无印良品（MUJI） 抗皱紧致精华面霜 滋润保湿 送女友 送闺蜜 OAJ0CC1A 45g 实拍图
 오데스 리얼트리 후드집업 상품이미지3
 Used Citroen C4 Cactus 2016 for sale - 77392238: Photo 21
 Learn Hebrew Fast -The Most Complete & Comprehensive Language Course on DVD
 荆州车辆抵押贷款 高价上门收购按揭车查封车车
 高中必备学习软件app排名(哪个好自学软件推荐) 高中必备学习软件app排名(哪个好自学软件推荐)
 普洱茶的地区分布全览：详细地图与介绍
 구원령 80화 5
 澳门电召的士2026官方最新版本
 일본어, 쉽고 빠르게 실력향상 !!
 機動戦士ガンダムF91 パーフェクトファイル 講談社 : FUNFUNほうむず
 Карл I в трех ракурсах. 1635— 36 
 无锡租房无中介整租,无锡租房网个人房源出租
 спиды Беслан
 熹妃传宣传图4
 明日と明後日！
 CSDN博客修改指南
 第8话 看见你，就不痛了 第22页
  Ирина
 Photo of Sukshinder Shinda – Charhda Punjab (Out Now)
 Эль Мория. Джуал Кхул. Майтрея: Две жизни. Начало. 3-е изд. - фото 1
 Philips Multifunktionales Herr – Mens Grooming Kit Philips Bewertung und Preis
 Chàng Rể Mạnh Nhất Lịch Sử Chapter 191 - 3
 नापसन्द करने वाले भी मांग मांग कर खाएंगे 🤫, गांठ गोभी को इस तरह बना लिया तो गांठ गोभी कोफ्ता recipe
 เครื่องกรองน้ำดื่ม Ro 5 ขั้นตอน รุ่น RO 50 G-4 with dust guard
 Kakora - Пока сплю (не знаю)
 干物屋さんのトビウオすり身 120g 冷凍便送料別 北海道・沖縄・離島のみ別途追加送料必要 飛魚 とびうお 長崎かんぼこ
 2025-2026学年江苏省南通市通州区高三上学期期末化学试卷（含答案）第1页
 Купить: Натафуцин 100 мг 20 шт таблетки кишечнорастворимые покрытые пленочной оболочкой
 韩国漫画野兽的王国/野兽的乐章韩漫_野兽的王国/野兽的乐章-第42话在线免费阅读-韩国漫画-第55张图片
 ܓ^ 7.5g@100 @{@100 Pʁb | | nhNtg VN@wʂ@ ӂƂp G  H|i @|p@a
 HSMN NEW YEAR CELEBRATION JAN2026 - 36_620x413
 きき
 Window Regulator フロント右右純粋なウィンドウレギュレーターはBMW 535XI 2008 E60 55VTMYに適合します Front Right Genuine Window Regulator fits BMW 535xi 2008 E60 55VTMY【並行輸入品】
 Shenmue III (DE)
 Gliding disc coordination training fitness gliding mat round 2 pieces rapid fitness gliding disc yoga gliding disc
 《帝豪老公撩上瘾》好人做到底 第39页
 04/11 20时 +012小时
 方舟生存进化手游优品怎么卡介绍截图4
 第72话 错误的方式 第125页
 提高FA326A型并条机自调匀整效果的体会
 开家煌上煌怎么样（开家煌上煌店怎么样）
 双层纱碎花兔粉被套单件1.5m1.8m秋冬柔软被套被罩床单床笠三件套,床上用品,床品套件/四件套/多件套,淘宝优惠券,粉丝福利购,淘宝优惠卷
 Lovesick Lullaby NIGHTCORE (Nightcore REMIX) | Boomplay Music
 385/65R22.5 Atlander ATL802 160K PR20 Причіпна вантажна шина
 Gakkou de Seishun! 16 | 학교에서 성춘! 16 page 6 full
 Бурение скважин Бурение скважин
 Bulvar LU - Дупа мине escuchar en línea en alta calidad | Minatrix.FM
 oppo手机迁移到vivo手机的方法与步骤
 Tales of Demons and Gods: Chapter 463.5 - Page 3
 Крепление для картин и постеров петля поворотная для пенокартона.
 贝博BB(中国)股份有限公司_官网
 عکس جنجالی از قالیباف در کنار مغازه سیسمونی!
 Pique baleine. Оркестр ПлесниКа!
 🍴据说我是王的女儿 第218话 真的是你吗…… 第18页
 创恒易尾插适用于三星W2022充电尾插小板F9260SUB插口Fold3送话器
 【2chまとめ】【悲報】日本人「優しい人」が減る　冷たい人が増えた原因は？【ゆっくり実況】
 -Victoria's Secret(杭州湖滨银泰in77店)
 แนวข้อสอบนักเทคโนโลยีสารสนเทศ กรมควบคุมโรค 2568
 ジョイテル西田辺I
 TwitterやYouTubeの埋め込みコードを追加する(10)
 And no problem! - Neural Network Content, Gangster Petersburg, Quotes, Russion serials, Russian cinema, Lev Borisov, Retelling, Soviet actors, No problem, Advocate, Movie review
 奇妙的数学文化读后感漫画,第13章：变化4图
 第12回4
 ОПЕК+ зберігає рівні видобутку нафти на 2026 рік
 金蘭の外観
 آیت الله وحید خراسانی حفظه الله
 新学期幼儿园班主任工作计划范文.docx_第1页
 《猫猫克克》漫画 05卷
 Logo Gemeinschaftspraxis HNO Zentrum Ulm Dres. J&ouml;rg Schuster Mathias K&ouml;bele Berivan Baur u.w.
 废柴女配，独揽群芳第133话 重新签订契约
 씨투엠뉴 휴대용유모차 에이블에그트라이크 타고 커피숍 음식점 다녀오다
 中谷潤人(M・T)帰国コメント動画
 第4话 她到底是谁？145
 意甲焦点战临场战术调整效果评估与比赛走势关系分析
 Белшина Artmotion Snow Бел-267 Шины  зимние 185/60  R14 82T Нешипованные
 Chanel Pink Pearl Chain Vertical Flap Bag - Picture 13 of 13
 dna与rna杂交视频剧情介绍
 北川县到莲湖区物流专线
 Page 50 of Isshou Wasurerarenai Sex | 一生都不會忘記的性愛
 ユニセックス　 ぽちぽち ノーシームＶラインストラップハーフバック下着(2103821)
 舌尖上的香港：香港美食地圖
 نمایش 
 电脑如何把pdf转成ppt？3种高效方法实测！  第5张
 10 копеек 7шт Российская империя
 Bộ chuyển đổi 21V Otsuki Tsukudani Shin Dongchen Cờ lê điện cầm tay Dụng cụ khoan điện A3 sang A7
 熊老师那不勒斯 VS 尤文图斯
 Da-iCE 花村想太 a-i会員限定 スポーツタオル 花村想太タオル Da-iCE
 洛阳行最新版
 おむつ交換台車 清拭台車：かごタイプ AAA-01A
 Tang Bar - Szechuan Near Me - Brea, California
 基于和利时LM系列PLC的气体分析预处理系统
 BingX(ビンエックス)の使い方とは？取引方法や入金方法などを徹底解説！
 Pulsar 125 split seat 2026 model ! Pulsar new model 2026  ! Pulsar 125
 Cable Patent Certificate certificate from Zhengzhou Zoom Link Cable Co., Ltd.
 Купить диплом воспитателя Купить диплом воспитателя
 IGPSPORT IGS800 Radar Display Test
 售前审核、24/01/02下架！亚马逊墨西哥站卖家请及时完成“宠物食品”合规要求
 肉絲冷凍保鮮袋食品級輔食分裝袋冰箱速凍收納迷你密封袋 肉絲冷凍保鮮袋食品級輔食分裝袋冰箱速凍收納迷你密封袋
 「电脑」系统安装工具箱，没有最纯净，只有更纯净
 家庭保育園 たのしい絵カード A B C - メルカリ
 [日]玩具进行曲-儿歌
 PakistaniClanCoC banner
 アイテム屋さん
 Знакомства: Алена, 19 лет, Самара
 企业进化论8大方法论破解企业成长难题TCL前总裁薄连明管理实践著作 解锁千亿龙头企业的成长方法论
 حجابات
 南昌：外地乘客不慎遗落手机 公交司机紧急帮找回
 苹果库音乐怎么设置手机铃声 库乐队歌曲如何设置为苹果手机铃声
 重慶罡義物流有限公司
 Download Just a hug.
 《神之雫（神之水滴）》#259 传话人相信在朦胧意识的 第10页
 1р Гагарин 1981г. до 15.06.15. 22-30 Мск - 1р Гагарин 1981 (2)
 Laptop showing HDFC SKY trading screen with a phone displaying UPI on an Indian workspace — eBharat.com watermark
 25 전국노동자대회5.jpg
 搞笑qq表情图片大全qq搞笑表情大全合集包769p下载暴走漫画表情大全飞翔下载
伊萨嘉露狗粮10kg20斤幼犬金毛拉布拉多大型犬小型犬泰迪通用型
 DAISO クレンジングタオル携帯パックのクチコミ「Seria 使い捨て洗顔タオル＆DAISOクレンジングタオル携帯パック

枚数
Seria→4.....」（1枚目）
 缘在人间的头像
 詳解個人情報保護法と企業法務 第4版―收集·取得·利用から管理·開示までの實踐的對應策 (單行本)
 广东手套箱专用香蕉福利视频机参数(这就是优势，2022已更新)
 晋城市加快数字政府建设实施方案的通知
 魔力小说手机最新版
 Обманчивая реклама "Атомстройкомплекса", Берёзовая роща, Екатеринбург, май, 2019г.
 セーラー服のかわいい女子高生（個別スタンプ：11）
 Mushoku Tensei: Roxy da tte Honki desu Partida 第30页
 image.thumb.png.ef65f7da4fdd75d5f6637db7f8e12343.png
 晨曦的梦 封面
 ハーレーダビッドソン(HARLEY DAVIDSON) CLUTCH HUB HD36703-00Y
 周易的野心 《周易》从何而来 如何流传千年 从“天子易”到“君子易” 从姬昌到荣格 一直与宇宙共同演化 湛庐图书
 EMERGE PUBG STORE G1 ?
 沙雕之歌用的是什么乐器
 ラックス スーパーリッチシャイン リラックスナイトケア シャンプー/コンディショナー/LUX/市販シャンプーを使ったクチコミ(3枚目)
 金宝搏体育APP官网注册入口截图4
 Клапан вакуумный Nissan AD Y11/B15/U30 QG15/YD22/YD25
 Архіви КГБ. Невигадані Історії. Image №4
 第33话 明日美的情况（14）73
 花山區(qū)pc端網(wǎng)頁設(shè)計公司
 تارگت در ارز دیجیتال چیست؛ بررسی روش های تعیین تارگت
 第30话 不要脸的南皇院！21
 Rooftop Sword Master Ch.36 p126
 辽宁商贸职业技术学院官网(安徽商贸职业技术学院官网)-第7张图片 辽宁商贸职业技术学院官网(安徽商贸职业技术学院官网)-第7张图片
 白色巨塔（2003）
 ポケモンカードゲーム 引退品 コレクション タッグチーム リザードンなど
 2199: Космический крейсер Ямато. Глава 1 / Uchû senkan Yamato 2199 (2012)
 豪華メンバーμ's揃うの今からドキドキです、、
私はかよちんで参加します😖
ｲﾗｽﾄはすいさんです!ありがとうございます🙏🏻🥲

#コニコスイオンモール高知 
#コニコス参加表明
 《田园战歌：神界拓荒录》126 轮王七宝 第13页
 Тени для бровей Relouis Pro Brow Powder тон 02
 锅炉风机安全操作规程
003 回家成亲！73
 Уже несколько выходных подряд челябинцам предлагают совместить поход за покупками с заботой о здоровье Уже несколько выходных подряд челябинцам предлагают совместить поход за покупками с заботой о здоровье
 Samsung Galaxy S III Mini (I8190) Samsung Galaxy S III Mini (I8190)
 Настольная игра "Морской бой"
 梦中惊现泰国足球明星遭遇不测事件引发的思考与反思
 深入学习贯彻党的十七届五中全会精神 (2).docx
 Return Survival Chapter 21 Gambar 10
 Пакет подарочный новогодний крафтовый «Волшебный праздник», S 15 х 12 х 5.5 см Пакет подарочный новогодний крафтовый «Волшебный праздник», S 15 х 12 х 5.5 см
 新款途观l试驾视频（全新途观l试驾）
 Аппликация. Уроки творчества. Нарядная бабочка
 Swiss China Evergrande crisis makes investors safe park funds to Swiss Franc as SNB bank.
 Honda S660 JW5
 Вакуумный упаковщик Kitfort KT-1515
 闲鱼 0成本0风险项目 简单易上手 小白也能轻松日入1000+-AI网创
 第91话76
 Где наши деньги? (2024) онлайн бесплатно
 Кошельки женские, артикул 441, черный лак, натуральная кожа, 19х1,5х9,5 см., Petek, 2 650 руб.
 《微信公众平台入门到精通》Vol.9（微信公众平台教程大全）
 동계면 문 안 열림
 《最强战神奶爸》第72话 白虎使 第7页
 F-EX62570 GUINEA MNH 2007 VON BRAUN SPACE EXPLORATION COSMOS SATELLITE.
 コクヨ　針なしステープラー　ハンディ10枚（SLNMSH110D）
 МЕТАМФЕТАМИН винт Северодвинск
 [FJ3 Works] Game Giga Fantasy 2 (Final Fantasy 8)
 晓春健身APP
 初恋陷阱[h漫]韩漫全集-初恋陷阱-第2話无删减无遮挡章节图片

■ What is being asked
Which lines run from the one holding "And no problem!" through the one holding "熊老师那不勒斯 VS 尤文图斯" in the records above? Repeat them exactly, both included, and nothing more.

■ Answer for this exercise
 And no problem! - Neural Network Content, Gangster Petersburg, Quotes, Russion serials, Russian cinema, Lev Borisov, Retelling, Soviet actors, No problem, Advocate, Movie review
 奇妙的数学文化读后感漫画,第13章：变化4图
 第12回4
 ОПЕК+ зберігає рівні видобутку нафти на 2026 рік
 金蘭の外観
 آیت الله وحید خراسانی حفظه الله
 新学期幼儿园班主任工作计划范文.docx_第1页
 《猫猫克克》漫画 05卷
 Logo Gemeinschaftspraxis HNO Zentrum Ulm Dres. J&ouml;rg Schuster Mathias K&ouml;bele Berivan Baur u.w.
 废柴女配，独揽群芳第133话 重新签订契约
 씨투엠뉴 휴대용유모차 에이블에그트라이크 타고 커피숍 음식점 다녀오다
 中谷潤人(M・T)帰国コメント動画
 第4话 她到底是谁？145
 意甲焦点战临场战术调整效果评估与比赛走势关系分析
 Белшина Artmotion Snow Бел-267 Шины  зимние 185/60  R14 82T Нешипованные
 Chanel Pink Pearl Chain Vertical Flap Bag - Picture 13 of 13
 dna与rna杂交视频剧情介绍
 北川县到莲湖区物流专线
 Page 50 of Isshou Wasurerarenai Sex | 一生都不會忘記的性愛
 ユニセックス　 ぽちぽち ノーシームＶラインストラップハーフバック下着(2103821)
 舌尖上的香港：香港美食地圖
 نمایش 
 电脑如何把pdf转成ppt？3种高效方法实测！  第5张
 10 копеек 7шт Российская империя
 Bộ chuyển đổi 21V Otsuki Tsukudani Shin Dongchen Cờ lê điện cầm tay Dụng cụ khoan điện A3 sang A7
 熊老师那不勒斯 VS 尤文图斯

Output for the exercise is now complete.